Prompt:
Omit every picture and write out the rest of the records exactly.

-------- Excerpted data

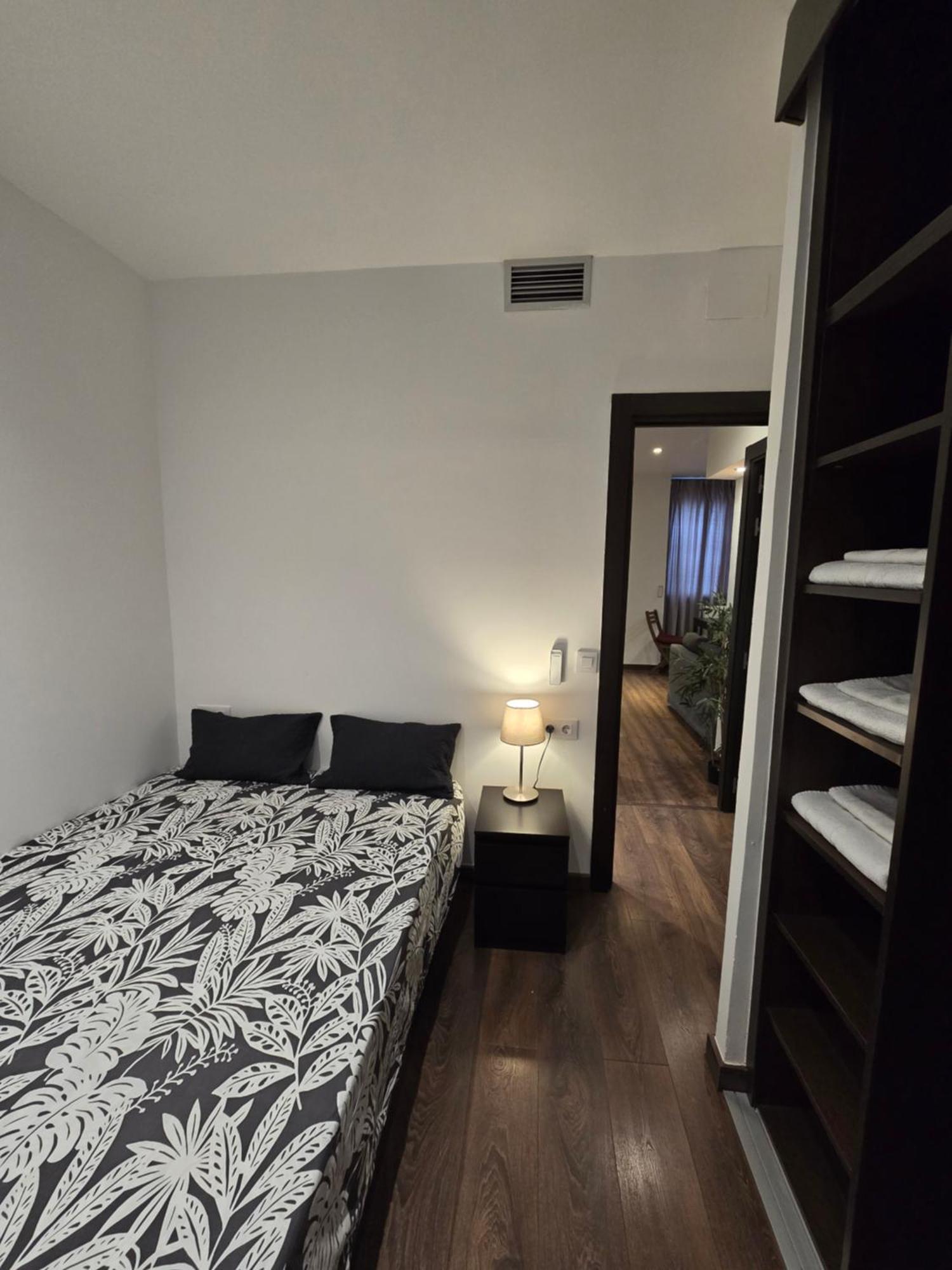 Apartment Gfb17 *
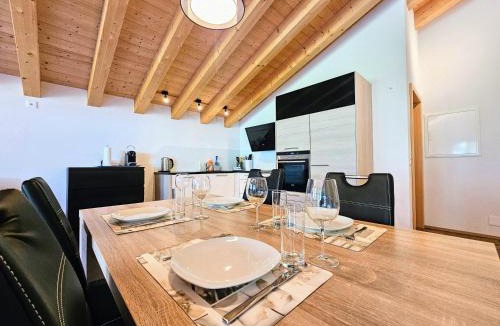 Grindelwald Apartment | Chalet Eigernordwand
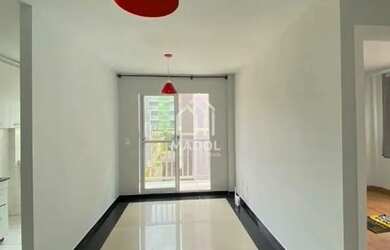 Imagem 3: Apartamento à Venda em Uvaranas, Ponta Grossa - PR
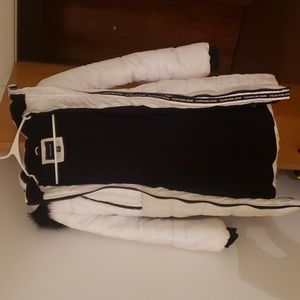 COPY - Girls Calvin Klein Parka
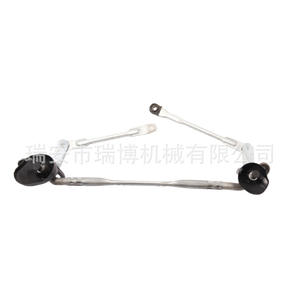 Adecuado para varillas de acoplamiento de limpiaparabrisas Toyota Hilux 85150-0K061 - Product Image 4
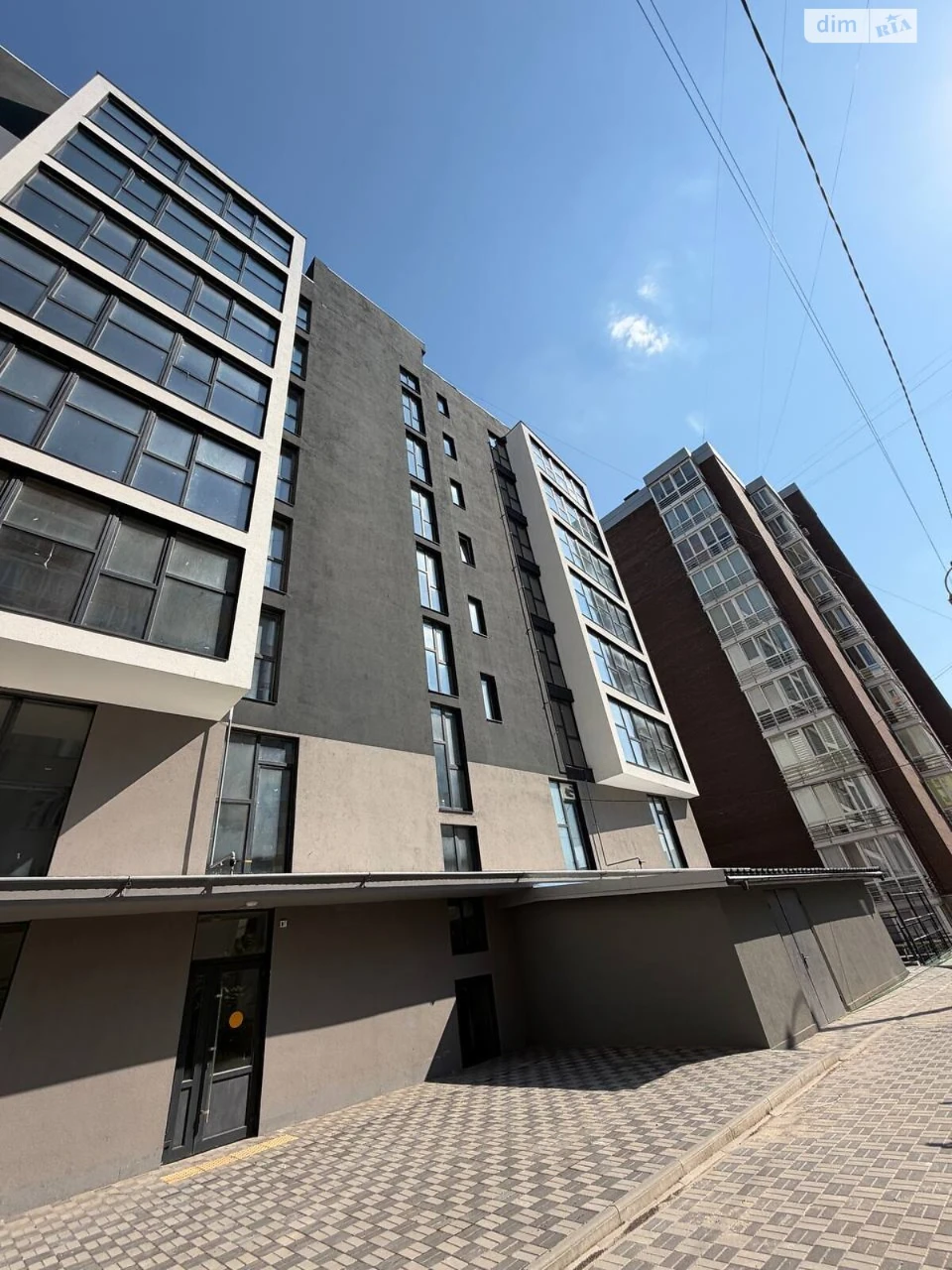 Продаж Квартира Озерна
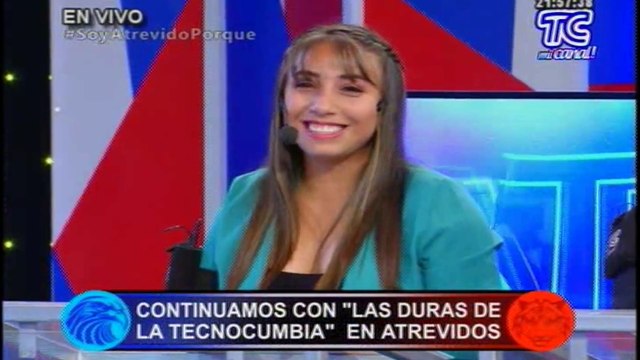 Atrevidos: Conoce al jurado de nuestra Gymkana.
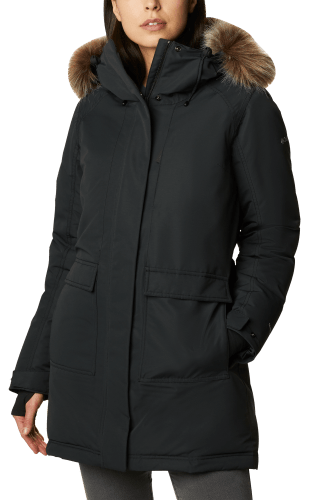 Women's Little Si™ Insulated Parka - Plus Size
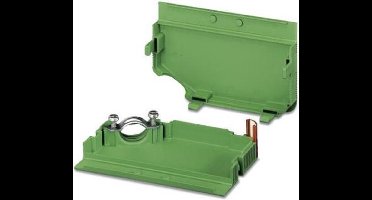 Kabelbehuizingen - KGS-MSTB 2,5/14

----------------

Answer to this task:
 Apartment Gfb17 *
 Grindelwald Apartment | Chalet Eigernordwand
 Imagem 3: Apartamento à Venda em Uvaranas, Ponta Grossa - PR
 COPY - Girls Calvin Klein Parka
 Adecuado para varillas de acoplamiento de limpiaparabrisas Toyota Hilux 85150-0K061 - Product Image 4
 Продаж Квартира Озерна
 Atrevidos: Conoce al jurado de nuestra Gymkana.
 Women's Little Si™ Insulated Parka - Plus Size
 Kabelbehuizingen - KGS-MSTB 2,5/14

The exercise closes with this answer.